Ensco is scheduled to report fourth-quarter results on Feb. 24. Its third-quarter adjusted earnings of 92 cents exceeded Wall Street's consensus forecast by 3.5 per cent. Revenue of $428-million beat the target by 2.1 per cent. Nevertheless, net sales are down 10 per cent over 12 months and GAAP profit has declined year-over-year in seven consecutive quarters, hurting its stock.

But, the stock is cheap relative to those of peers, trading at a trailing earnings multiple of 13, a forward earnings multiple of 13, a book value multiple of 1.3 and a cash flow multiple of 9.1, 80 per cent, 38 per cent, 56 per cent and 46 per cent discounts to oil-and-gas industry averages.

Currently, 56 per cent of analysts covering Ensco rate its stock "buy." Jefferies has a price target of $64 on the stock, suggesting 20 per cent of upside in 2011. The highest target comes from FBR Capital Markets, which predicts a rise to $70 in the next 12 months.

2. Superior Energy Services is a specialized oilfield-services and equipment company.

This energy subgroup has been on fire in recent weeks, with recognizable names such as Halliburton and Schlumberger up 24 per cent and 26 per cent, respectively, in just three months.

Superior is attractive because it trades at a discount to its peer group and its business is at the onset of an upswing. The stock commands a forward P/E of 15, a book value multiple of 2.1, a sales multiple of 1.8 and a cash flow multiple of 6.1, 27 per cent, 26 per cent, 38 per cent and 64 per cent discounts to oil-and-gas equipment and services peer averages. Superior's sales are down 11 per cent over 12 months, but rebounded 13 per cent in the third quarter as did its earnings, up 35 per cent, exceeding consensus by 8 per cent.

Superior receives generally favorable reviews from analysts, with 10 "buy" calls, five "hold" ratings and one "sell" recommendation. In the bull camp with Jefferies is Barclays, which also projects a $43 price target for the stock, suggesting a one-year gain of 25 per cent. Superior has advanced 25 per cent in the past three months, but it is still reasonably valued relative to peers.

1. Jefferies' 2011 energy pick with the greatest upside potential is Frontline , an owner and operator of tankers that are used to transport oil, coal and iron ore. Frontline has a market value of only $2-billion, so it's a small-cap and not particularly popular.

The company's sales have dropped 9 per cent in 12 months, but its net income has increased 18 per cent. In the third quarter, Frontline swung to a profit of $13-million, or 16 cents a share, from a loss of $5.6-million, or seven cents, in the year-earlier period. Its sales grew 7.8 per cent. Like Jefferies' other energy picks, Frontline trades at a peer discount, costing 11-times trailing earnings, 14-times forward earnings and 6.2-times cash flow. The multiples represent discounts of 42 per cent, 38 per cent and 32 per cent to peer averages. The stock offers a dividend.

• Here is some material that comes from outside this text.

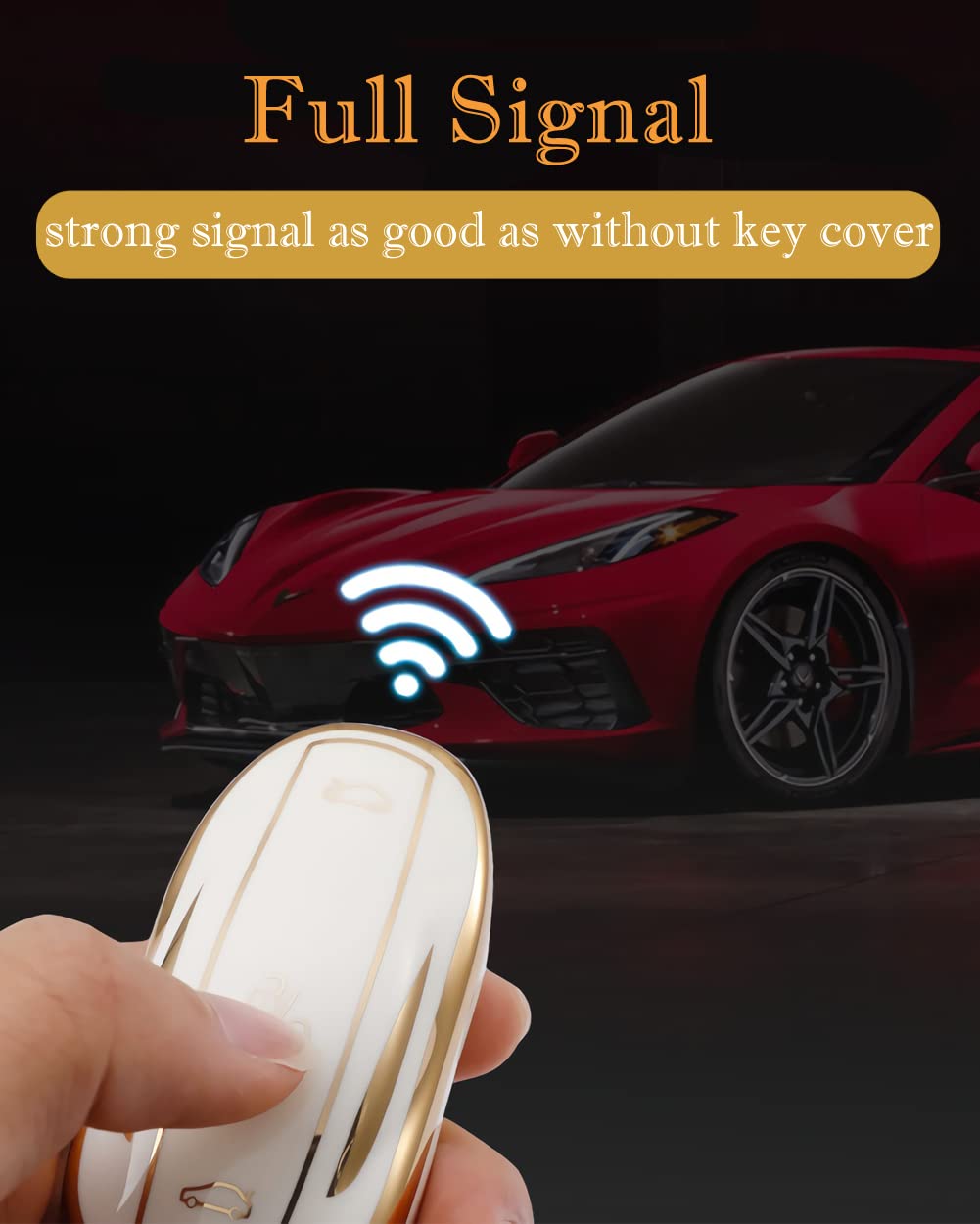 Cacacar For Tesla Model S Key Fob Cover With Keychain, Full Cover Protection Key Fob Case Premium Soft Tpu Smart Remote Key Hold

Quarterly distributions vary widely. The quarterly payout has been as high as $3 a share in 2008, equivalent to 6 per cent of the stock price when paid. In the latest quarter, the dividend fell from 75 cents to 25 cents. If the 25 cent payout is maintained, then the stock will yield 4 per cent in the next year. On Tuesday, Deutsche Bank upgraded Frontline to "buy" with a $32 12-month target, suggesting 27 per cent of upside. Jefferies' $35 target suggests 39 per cent upside. Other analysts dissent. Just six rate Frontline's stock "buy" while eight rate it "hold" and 12 rank it "sell."